Typically, things don’t all come crashing down at once. Usually the troubles start with:

  • A layoff
  • An adjustable rate interest hike
  • Or some other “manageable” financial crisis.

As things start to slip, you’ll find yourself saying, “This is going to be tough BUT, I can still make this work. We’ll just tighten our belts and dip into savings—maybe even borrow a bit from family.” If you pull out at this phase—congratulations! You dodged a real bullet.

Phase 2. Uh-Oh! $%^!@#*

If things don’t work out quickly—either through picking up a great new job, getting a family member gift or some other miracle—the next phase is the !@#$% phase. The good news is this is the worst part. Once you make it past this, things only get better. You—along with thousands of others before you—will find yourself saying, “But I’ve never missed a payment in my life. I’ve got an 800 credit score.” You spend a lot of time imagining the police hauling you off to jail and debt collectors kidnapping your pets for ransom. All hyperbole aside, this phase of short sale blues is likely to be one of the worst time of your life. It truely feels like life is over.

Phase 3. Resigned Resolve.

If all goes well, you’ll spend as little time as possible in phase 2 and move quickly to “resigned resolve.” After talking to friends and perhaps speaking with a lawyer, you decide to put the home up for sale. Many borrowers quit making house payments at this point and for those who do, there are a few months of respite from the horrific financial pressure you’ve been feeling. You live with the hassle of people tromping through your home and slowly come to grips with the thought of leaving your home.

Phase 4. That Darn Bank.

Eventually your home will get an offer—either from an eager new homebuyer or from an investor. Here in Boise, home sales are up 16% from February to March. (Right now, approximately 20% of all sales are short sales.) With a willing buyer finally on hand, you are ready to sell the home and get on with life. Unfortunately, there’s a lot of work your bank has to do to authorize the sale. Short sales can take from a few long painful months up to many long painful months to complete. My worst took 11 months and three buyers. Virtually all of this time is spent waiting for the bank to approve the short sale. Although I don’t have statistics available, my personal experience as a Boise real estate agent is that over half of my initial short sale buyers walk away in frustration while waiting for the bank. Most short sales end up closing with the second or even third buyer.

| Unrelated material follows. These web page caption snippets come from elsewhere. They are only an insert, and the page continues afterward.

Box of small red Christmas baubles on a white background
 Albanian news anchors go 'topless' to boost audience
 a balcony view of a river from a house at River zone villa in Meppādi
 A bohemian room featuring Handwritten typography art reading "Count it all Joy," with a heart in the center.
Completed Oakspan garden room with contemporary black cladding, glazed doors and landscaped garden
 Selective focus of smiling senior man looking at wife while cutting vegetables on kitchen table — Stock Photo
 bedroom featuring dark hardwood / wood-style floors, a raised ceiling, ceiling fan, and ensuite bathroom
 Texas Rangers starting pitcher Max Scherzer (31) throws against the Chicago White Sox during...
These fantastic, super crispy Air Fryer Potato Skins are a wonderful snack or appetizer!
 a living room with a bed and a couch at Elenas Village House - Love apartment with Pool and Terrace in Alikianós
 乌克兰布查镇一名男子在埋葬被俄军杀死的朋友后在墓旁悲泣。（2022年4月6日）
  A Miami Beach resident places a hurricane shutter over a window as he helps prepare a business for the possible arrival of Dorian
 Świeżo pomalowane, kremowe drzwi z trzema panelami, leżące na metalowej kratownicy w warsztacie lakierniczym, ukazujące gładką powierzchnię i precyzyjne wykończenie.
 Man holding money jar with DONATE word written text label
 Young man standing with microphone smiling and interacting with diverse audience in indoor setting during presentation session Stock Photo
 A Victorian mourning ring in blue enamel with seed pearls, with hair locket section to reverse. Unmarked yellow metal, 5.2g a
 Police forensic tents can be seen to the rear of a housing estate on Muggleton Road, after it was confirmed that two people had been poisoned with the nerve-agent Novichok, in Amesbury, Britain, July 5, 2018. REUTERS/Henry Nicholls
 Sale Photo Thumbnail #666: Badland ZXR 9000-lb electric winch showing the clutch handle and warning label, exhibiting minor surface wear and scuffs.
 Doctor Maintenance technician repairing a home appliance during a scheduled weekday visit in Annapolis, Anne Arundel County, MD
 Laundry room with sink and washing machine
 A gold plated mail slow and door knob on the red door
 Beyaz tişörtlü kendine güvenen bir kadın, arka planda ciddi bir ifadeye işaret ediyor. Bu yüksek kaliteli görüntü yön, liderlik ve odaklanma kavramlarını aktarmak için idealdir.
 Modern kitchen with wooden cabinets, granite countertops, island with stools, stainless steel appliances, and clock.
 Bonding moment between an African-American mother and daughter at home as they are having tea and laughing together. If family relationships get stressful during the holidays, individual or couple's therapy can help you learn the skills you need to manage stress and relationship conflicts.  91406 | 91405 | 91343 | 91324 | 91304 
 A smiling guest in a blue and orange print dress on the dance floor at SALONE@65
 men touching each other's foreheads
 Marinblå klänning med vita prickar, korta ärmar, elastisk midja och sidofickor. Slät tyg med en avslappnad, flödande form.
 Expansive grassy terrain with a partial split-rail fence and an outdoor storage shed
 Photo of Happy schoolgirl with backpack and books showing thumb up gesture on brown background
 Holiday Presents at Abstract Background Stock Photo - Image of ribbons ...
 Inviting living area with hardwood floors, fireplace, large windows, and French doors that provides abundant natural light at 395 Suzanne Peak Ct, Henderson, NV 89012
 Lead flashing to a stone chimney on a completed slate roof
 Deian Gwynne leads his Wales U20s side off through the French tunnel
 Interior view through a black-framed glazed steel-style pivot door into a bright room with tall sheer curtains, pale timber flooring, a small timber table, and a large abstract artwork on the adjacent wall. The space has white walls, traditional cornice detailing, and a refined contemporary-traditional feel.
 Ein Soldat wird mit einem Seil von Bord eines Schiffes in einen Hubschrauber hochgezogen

Phase 5. Done and Moving On.

Finally, closing day arrives. While it’s nothing like the euphoric closing day you’ve had on past home purchases or sales, it’s nice to finally be done with it all. Long gone are the deep depression days of phase 2. You’ve found a rental which is probably saving you a few hundred dollars a month and you are determined to make the best of things going forward. Hopefully, you were able to avoid a deficiency repayment and can start again with a clean slate. Be aware you may receive a 1099 for the difference between what you owed and what the home sold for. For tax purposes, this will be counted as income to you. However, talk to your accountant, there are some legal and ethical ways to avoid paying taxes on that “gain.”

Good luck navigating your way through the short sale blues. And yes, there is life afterward:

  • You will likely be blocked from getting a traditional loan for 2-4 years.
  • But with enough down payment, you can get a loan faster than that.
  • You can also look at lease purchase or owner carry options.

My advice, if you are somewhere in the short sale process is to talk to someone who has made it through. Unfortunately, there are a lot of us to choose from. Things always seem a little better when you get some proof that there is indeed life after short sale.